In some of my recent streaming sessions (some of which you can see on my YouTube chanel), I spent some time playing around with Dijkstra’s algorithm. I wrote my own version of it in Haskell, tried to generalize it to work in different settings, and then used it in some examples. So for the next couple weeks I’ll be writing about those results. Today I’ll start though with a quick overview of a basic Haskell approach to the problem.
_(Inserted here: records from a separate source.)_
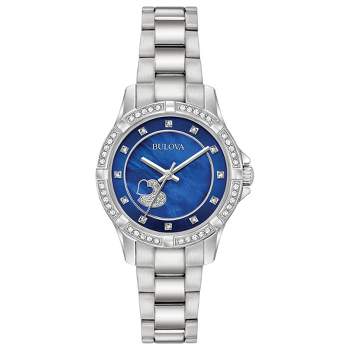 Bulova Ladies' Crystal 3-Hand Quartz, Blue Mother-of-Pearl Heart Accent Dial, Stainless Steel 30mm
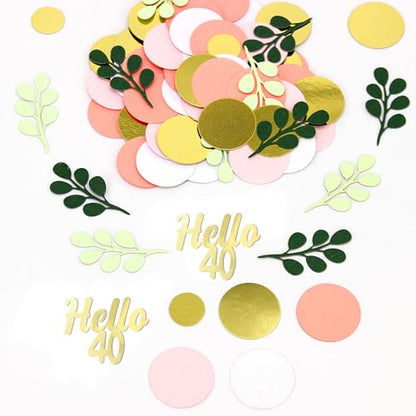 300PC 40TH Birthday Confetti for Table Pink and Sage Green Happy 40TH Birthday Decorations for Women Dots Hello 40 Confetti Scatters Forty Party Decor Supplies - style: Pink Hello 40 Confetti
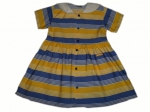 Sommerkleid Gr. 98/104 Trocadero blau/gelb mit Kragen * Zwillinge *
Note: This article will follow the “In Depth” reading style I talked about last week. I’ll be including all the details of my code, so if you want to follow along with this article, everything should compile and work! I’ll list dependencies, imports, and the complete code in an appendix at the end.

Pseudocode

Before we can understand how to write this algorithm in Haskell specifically, we need to take a quick look at the pseudo code. This is adapted from the Wikipedia description

function Dijkstra(Graph, source):

      for each vertex v in Graph.Vertices:
          dist[v] <- INFINITY
          add v to Q
      dist[source] <- 0

      while Q is not empty:
          u <- vertex in Q with min dist[u]
          remove u from Q

          for each neighbor v of u still in Q:
              alt <- dist[u] + Graph.Edges(u, v)
              if alt < dist[v] and dist[u] is not INFINITY:
                  dist[v] <- alt

      return dist[]

There are a few noteworthy items here. This code references two main structures. We have dist, the mapping of nodes to distances. There is also Q, which has a special operation “vertex in Q with min dist[u]”. It also has the operation “still in Q”. We can actually separate this into two items. We can have one structure to track the minimum distance to nodes, and then we have a second to track which ones are “visited”.
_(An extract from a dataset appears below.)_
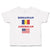 Cute Toddler Clothes American National Flag of Romanian and Usa Toddler Shirt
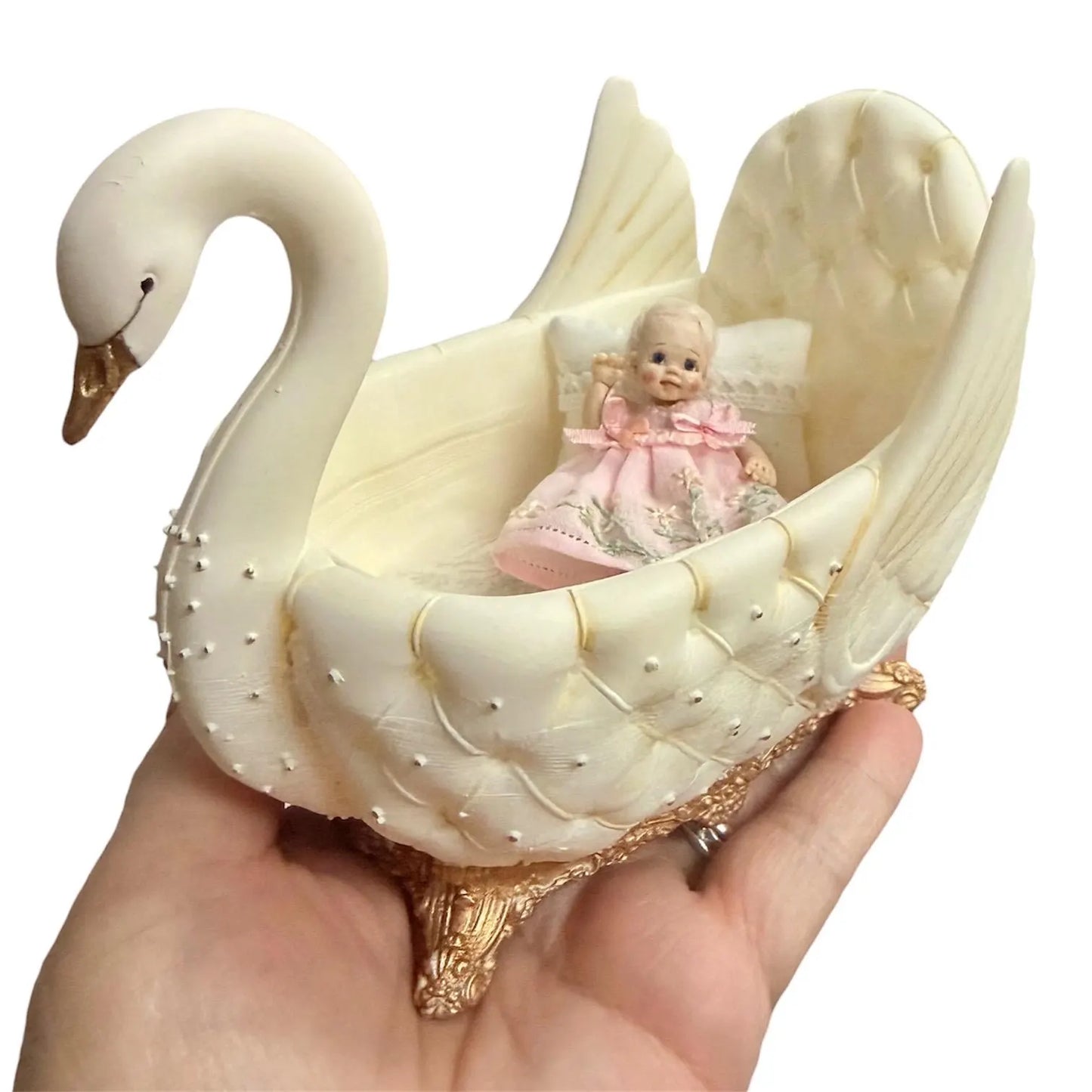 1:12 Scale Dollhouse Swan Crib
With this in mind, we can break the "Dijkstra Process" into 5 distinct steps.

1. Define our type signature
2. Initialize a structure with the different items (Q, dist, etc.) in their initial states
3. Write a loop for processing each element from the queue.
4. Write an inner loop for processing each “neighbor” we encounter of the items pulled from the queue.
5. Get our answer from the final structure.

These steps will help us organize our code. Before we dive into the algorithm itself though, we’ll want a few helpers!

Helpers

There are a few specific items that aren’t really part of the algorithm, but they’ll make things a lot smoother for us. First, we’re going to define a new “Distance” type. This will include a general numeric type for the distance but also include an “Infinity” constructor, which will help us represent the idea of an unreachable value.
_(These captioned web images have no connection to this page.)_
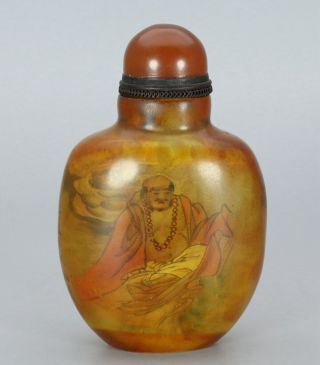 Chinese Exquisite Handmade Luohan Inside Painting Amber Snuff Bottle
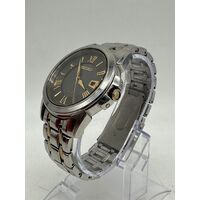 Seiko Solar Two Tone Black Dial Analogue Stainless Steel Men’s Watch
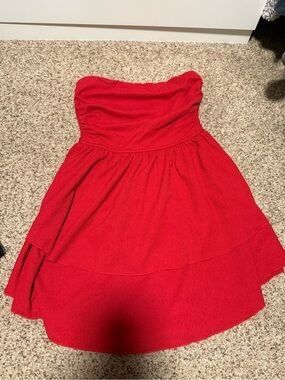PrettyGarden Red Smocked Strapless Mini Dress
data Distance a = Dist a | Infinity
  deriving (Show, Eq)

We want to ensure this type has a reasonable ordering, and that we can add values with it in a sensible way. If we rely on a simple integer type maxBound, we’ll end up with arithmetic overflow problems.

instance (Ord a) => Ord (Distance a) where
  Infinity <= Infinity = True
  Infinity <= Dist x = False
  Dist x <= Infinity = True
  Dist x <= Dist y = x <= y

addDist :: (Num a) => Distance a -> Distance a -> Distance a
addDist (Dist x) (Dist y) = Dist (x + y)
addDist _ _ = Infinity

Now we’ll be tracking our distances with a Hash Map. So as an extra convenience, we’ll add an operator that will look up a particular item in our map, returning its distance if that exists, but otherwise returning “Infinity” if it does not.

(!??) :: (Hashable k, Eq k) => HashMap k (Distance d) -> k -> Distance d
(!??) distanceMap key = fromMaybe Infinity (HM.lookup key distanceMap)

Type Signature

Now we move on to the next step in our process: defining a type signature. To start, we need to ask, "what kind of graph are we working with?" We’ll generalize this in the future, but for now let’s assume we are defining our graph entirely as a map of “Nodes” (represented by string names) to “Edges”, which are tuples of names and costs for the distance.

newtype Graph = Graph
   { edges :: HashMap String [(String, Int)] }

Our dijkstra function will take such a graph, a starting point (the source), and an ending point (the destination) as its parameters. It will return the “Distance” from the start to the end (which could be infinite). For now, we’ll exclude returning the full path, but we’ll get to that by the end of the series.

findShortestDistance :: Graph -> String -> String -> Distance Int

With our graph defined more clearly now, we’ll want to define one more “stateful” type to use within our algorithm. From reading the pseudo code, we want this to contain three structures that vary with each iteration.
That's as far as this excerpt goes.